1. Magnesiumgehalte von 4 %, 5 % und 5,5 % sind sphäroidisierende Mittel mit niedrigem Magnesiumgehalt, wobei RE zwischen 1 % und 2 % liegt. Sie werden hauptsächlich zum Schmelzen im Zwischenfrequenzofen und zur Sphäroidisierungsbehandlung von Eisenflüssigkeit mit niedrigem Schwefelgehalt verwendet. Es bietet die Vorteile einer sanften Sphäroidisierungsreaktion und einer einfachen und vollständigen Absorption sphäroidisierter Elemente.

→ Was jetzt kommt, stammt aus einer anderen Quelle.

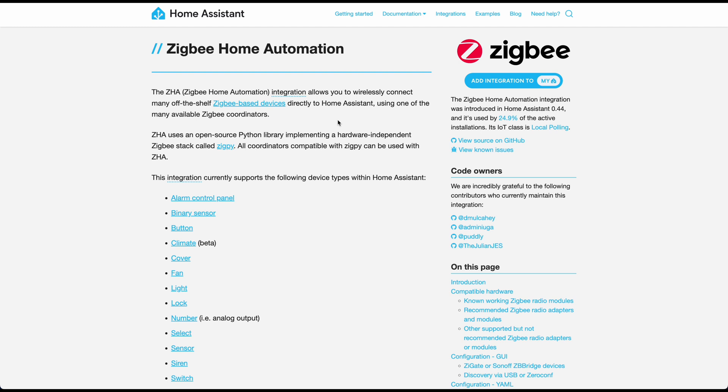But this adapter did work with that integration. If your device works with this, then that's all you would need. But I ended up going with Zigbee2MQTT.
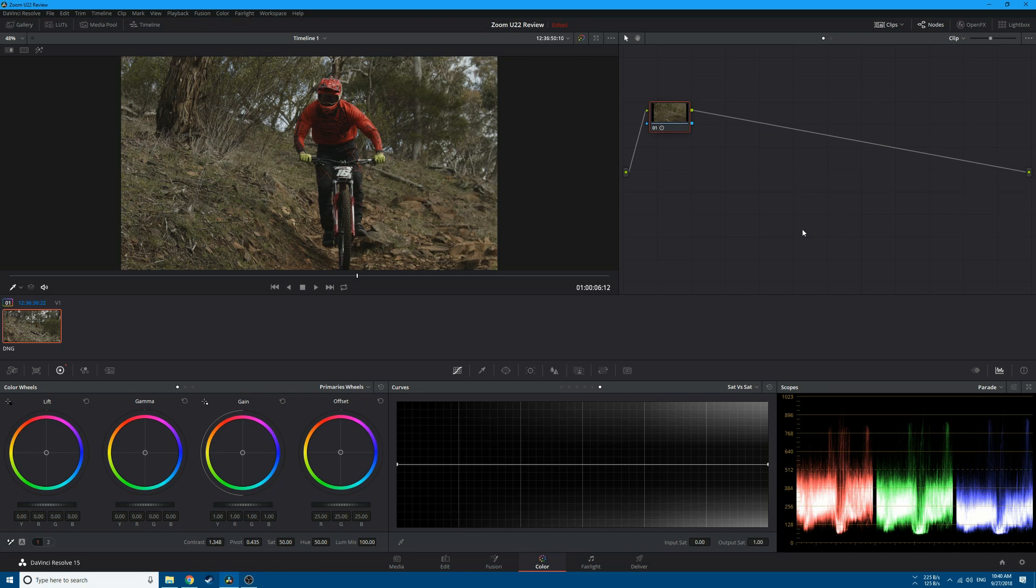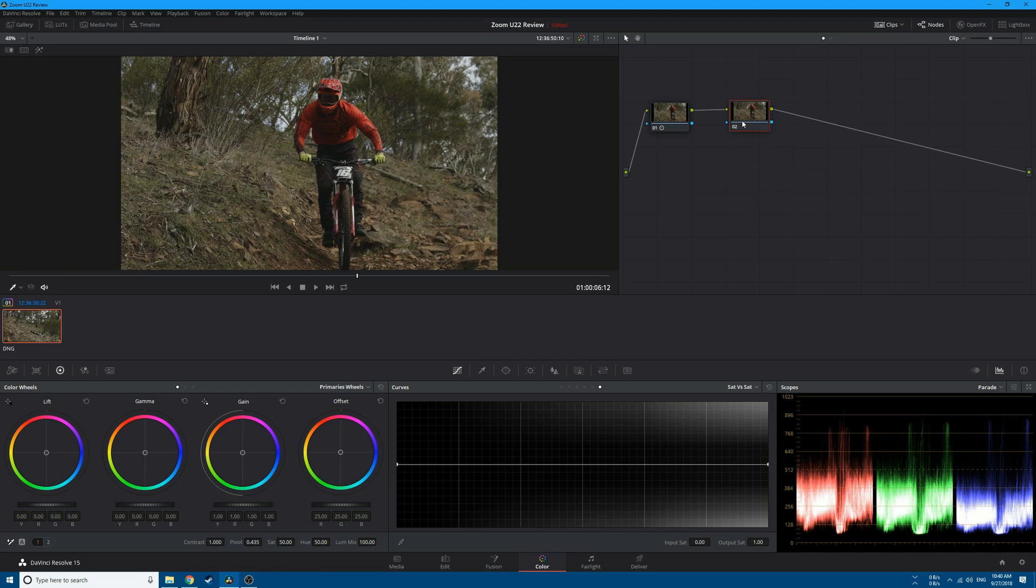Hey guys, Malik here. In this tutorial, I'll show you how to create the Sin City effect inside DaVinci Resolve. Let's get started. First, create a new serial node by clicking Alt+S.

2. Der Magnesiumgehalt von 6 % und 7 % gehört zum Sphäroidisierungsmittel der mittleren Magnesiumreihe, das hauptsächlich zum Doppelschmelzen von Kupolöfen, Elektroöfen oder Mittelfrequenzöfen zum Schmelzen perlitförmiger Gussteile aus duktilem Eisen verwendet wird. Abhängig von der Wandstärke des Gussstücks und dem Schwefelgehalt der ursprünglichen Eisenschmelze wird die geeignete Menge an Sphäroidisierungsmittel bestimmt. Es verfügt über ein breites Anwendungsspektrum und ein breites Spektrum an sphäroidisierenden Behandlungsverfahren.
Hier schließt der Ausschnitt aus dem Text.